======== Given entries
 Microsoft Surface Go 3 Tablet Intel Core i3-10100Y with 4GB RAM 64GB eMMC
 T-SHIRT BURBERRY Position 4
================
======== Given entries
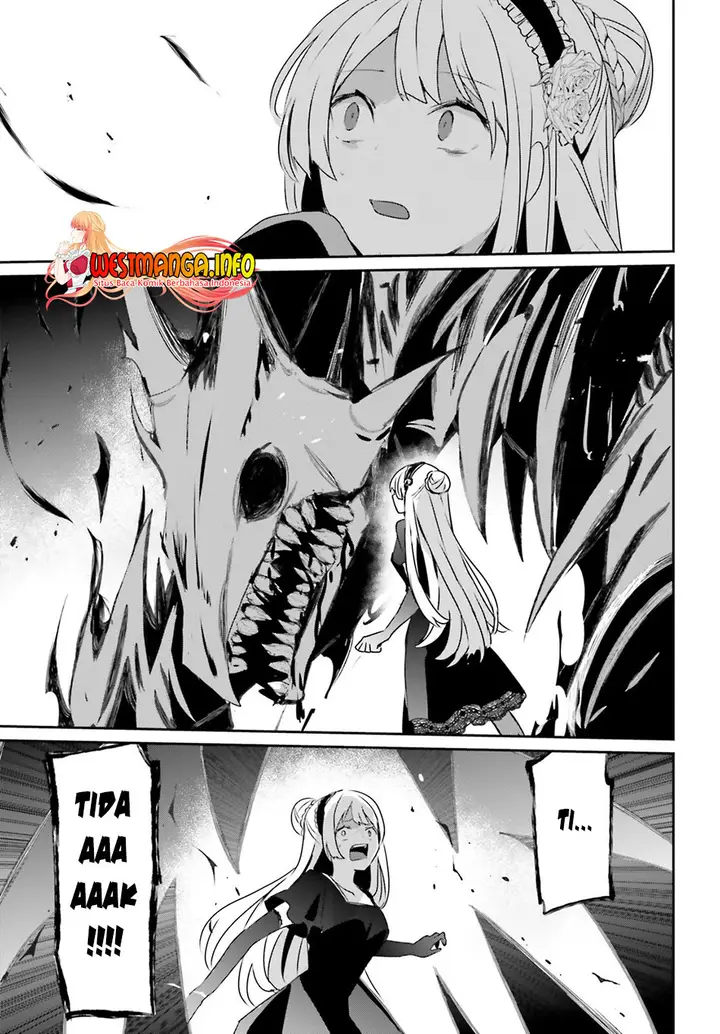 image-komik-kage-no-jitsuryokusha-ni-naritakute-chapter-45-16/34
================
======== Given entries
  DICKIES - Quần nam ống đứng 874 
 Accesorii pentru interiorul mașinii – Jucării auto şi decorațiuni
================
● **Action item**
Using the records above, copy word for word the line with "Microsoft Surface Go", the line with "T-SHIRT BURBERRY Position 4", and every line between them.

● **Solution**
 Microsoft Surface Go 3 Tablet Intel Core i3-10100Y with 4GB RAM 64GB eMMC
 T-SHIRT BURBERRY Position 4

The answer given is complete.